### Task statement
Below are lines of data, and only some are wanted. Please repeat exactly those from the line that has "There are a" through the line that has "Hi there, this".

### Listed entries

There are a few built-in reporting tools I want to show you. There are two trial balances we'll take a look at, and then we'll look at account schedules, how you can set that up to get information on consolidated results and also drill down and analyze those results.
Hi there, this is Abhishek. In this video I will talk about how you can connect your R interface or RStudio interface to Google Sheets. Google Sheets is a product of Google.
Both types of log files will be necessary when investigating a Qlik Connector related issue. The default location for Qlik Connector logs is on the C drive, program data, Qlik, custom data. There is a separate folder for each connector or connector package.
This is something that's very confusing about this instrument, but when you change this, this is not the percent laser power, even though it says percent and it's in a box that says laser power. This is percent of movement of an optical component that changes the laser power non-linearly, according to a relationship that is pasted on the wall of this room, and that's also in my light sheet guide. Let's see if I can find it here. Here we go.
...
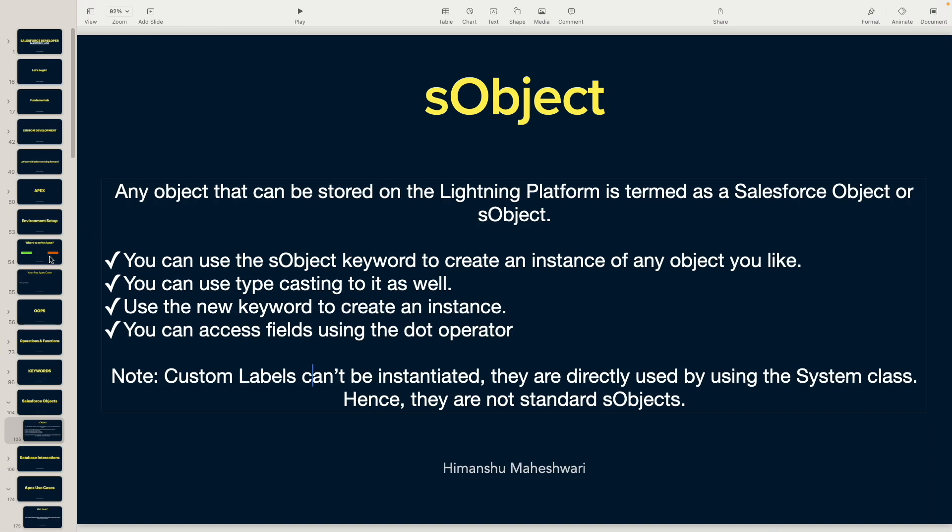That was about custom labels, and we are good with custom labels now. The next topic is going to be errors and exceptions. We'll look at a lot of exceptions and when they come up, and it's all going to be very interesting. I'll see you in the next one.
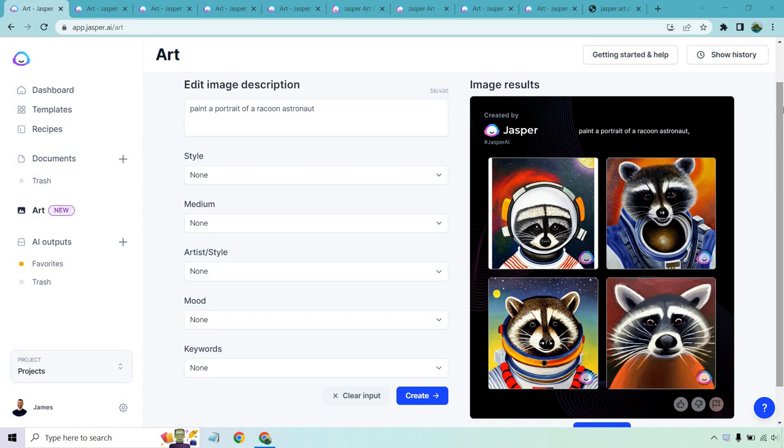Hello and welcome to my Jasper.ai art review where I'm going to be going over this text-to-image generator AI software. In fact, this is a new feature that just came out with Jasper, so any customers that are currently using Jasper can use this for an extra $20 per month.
* * *
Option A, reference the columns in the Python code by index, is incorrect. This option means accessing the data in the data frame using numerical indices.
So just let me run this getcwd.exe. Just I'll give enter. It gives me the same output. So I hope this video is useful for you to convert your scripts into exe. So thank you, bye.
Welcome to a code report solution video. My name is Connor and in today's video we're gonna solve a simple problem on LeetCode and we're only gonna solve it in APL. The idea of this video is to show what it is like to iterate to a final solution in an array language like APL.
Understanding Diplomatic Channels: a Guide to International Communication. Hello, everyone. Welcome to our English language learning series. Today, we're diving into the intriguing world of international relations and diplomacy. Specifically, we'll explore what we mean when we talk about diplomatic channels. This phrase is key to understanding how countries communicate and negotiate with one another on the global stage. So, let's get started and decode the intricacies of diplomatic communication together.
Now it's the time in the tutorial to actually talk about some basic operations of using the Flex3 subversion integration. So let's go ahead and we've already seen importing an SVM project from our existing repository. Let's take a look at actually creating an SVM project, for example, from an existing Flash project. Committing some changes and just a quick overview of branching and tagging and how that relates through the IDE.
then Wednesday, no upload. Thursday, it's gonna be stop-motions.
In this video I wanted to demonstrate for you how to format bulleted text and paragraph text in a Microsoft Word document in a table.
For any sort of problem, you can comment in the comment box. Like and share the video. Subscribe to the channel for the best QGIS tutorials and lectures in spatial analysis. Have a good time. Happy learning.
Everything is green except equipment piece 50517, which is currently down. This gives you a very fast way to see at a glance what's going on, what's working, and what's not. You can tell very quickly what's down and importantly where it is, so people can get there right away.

### Output below
There are a few built-in reporting tools I want to show you. There are two trial balances we'll take a look at, and then we'll look at account schedules, how you can set that up to get information on consolidated results and also drill down and analyze those results.
Hi there, this is Abhishek. In this video I will talk about how you can connect your R interface or RStudio interface to Google Sheets. Google Sheets is a product of Google.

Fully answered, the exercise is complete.